For the person that will be testing/debugging this -- please run 5-10 AppVMs, use Firefox + flash in each of it.
Change History (5)
comment:1 Changed 2 years ago by joanna
comment:2 Changed 2 years ago by joanna
- Owner changed from joanna to rafal
- Status changed from new to assigned
comment:3 Changed 2 years ago by rafal
and which don't need it for sure
If it is repeatable, please provide the output of "free" in each VM, including dom0, as well as /var/log/qubes/qmemman.log file.

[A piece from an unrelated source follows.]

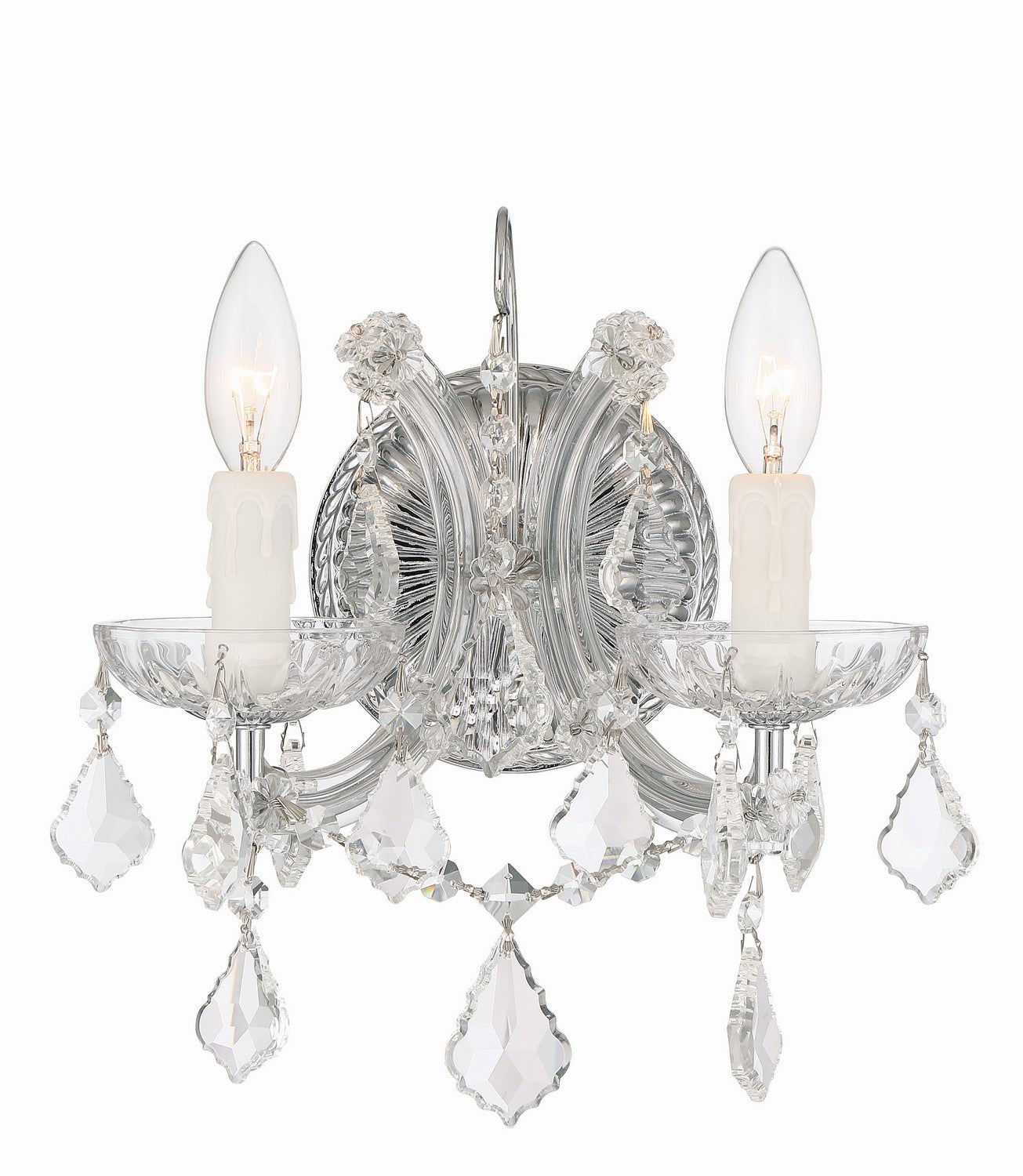 Maria Theresa Two Light Wall Sconce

it's just generously spread
I rather suspect it is done according to qmemman specification. If so, we may elect to change the specification, but the perfect solution simply does not exist.

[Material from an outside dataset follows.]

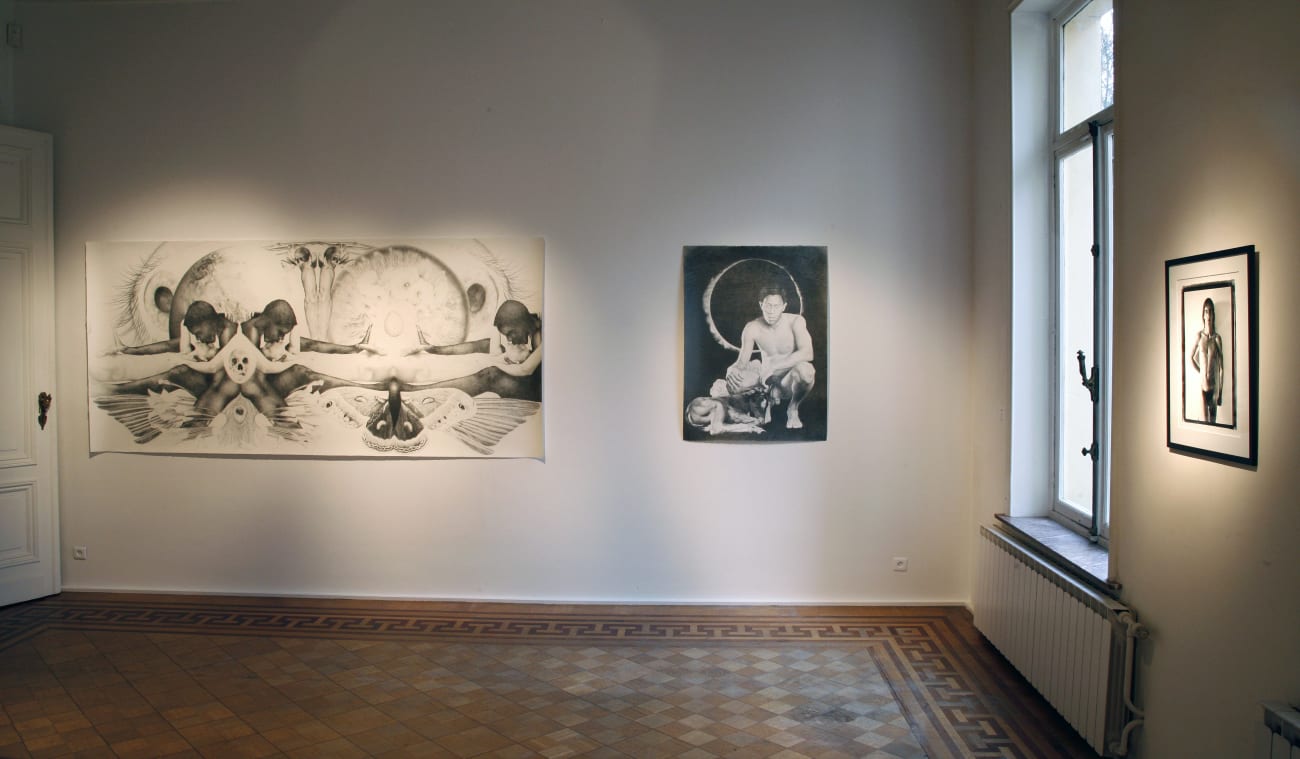exhibition view 'In my solitude' Aeroplastics, Rue Blanche, 2007-2008. Ph: Vincent Everarts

kernel in Dom0 might crash!!! This is likely due to OOM condition.
If this is repeatable, try collecting kernel logs. There can be plethora of reasons. I will try this as well.

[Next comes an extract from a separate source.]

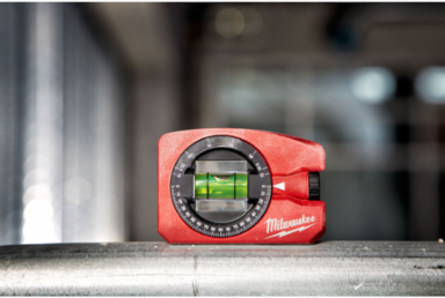 4 Inch Pocket Level with Magnified Vial & Heavy-Duty Aluminum Construction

comment:4 Changed 2 years ago by rafal
- Resolution set to worksforme
- Status changed from assigned to closed
Cannot reproduce the crash.
On 4G RAM, I can spawn 8 AppVMs, each playing the same 26 minutes long youtube video. I cannot start 9th one because there is no memory.
All flash players have completed successfully. No sign of malfunction in any domain.
Closing until someone can provide better instructions on how to reproduce the crash, or log information allowing to determine whether qmemman misbehaves.
Some log/statistics:
qmemman.log:
dom 17 is below pref, allowing balance
dom 11 act/pref 336355328 319834112.0
dom 10 act/pref 335888384 319392153.6
dom 13 act/pref 335196160 318731878.4
dom 12 act/pref 334426112 318002380.8
dom 15 act/pref 312086528 296756428.8
dom 14 act/pref 322461696 306623283.2
dom 17 act/pref 313569280 318561484.8
dom 16 act/pref 339533824 322858598.4
dom 0 act/pref 1071656960 1019018035.2
xenfree= 56152064 balance req: [('11', 334418582), ('10', 333956471), ('13', 333266087), ('12', 332503324), ('15', 310288554), ('14', 320605338), ('16', 337580986), ('0', 1065485369), ('17', 333087923)]
mem-set domain 11 to 334418582
mem-set domain 10 to 333956471
mem-set domain 13 to 333266087
mem-set domain 12 to 332503324
mem-set domain 15 to 310288554
mem-set domain 14 to 320605338
mem-set domain 16 to 337580986
mem-set domain 0 to 1065485369
mem-set domain 17 to 333087923
xentop, somewhere in the middle of the replay:
xentop - 12:00:59 Xen 3.4.3
10 domains: 3 running, 3 blocked, 0 paused, 0 crashed, 0 dying, 0 shutdown
Mem: 3983468k total, 3928636k used, 54832k free CPUs: 4 @ 3192MHz
NAME STATE CPU(sec) CPU(%) MEM(k) MEM(%) MAXMEM(k) MAXMEM(%) VCPUS NETS NETTX(k) NETRX(k) VBDS VBD_OO VBD_R
D VBD_WR SSID
Domain-0 -----r 1409 24.7 1040512 26.1 no limit n/a 4 0 0 0 0 0
0 0 0
netvm1 ------ 83 5.0 256000 6.4 409600 10.3 1 0 0 0 3 0 748
8 1673 0
test0 -----r 459 29.0 326128 8.2 3983360 100.0 4 0 0 0 3 6 1948
0 19701 0
test1 -----r 434 22.7 326580 8.2 3983360 100.0 4 0 0 0 3 14 2033
9 18974 0
test2 --b--- 228 13.0 324708 8.2 3983360 100.0 4 0 0 0 3 0 1015
4 6303 0
test3 --b--- 366 30.3 325452 8.2 3983360 100.0 4 0 0 0 3 30 1841
8 17889 0
test4 ------ 334 27.1 313088 7.9 3983360 100.0 4 0 0 0 3 52 2326
9 16143 0
test5 ------ 307 29.3 303016 7.6 3983360 100.0 4 0 0 0 3 8 2478
4 15680 0
test6 --b--- 266 30.4 329668 8.3 3983360 100.0 4 0 0 0 3 7 2485
1 14219 0
test7 ------ 212 31.2 325280 8.2 3983360 100.0 4 0 0 0 3 1 2647
8 11140 0
comment:5 Changed 2 years ago by rafal
One problem case has been deduced from the logs. Fix at
http://git.qubes-os.org/?p=rafal/core.git;a=commit;h=37e06d19e4339abb3cfd8e17b6c2b05cc73caef8

We should also reconsider running memory mgmt agent in Netvms -- with our new approach to handling resume, we should no longer fear about fragmentation in netvm.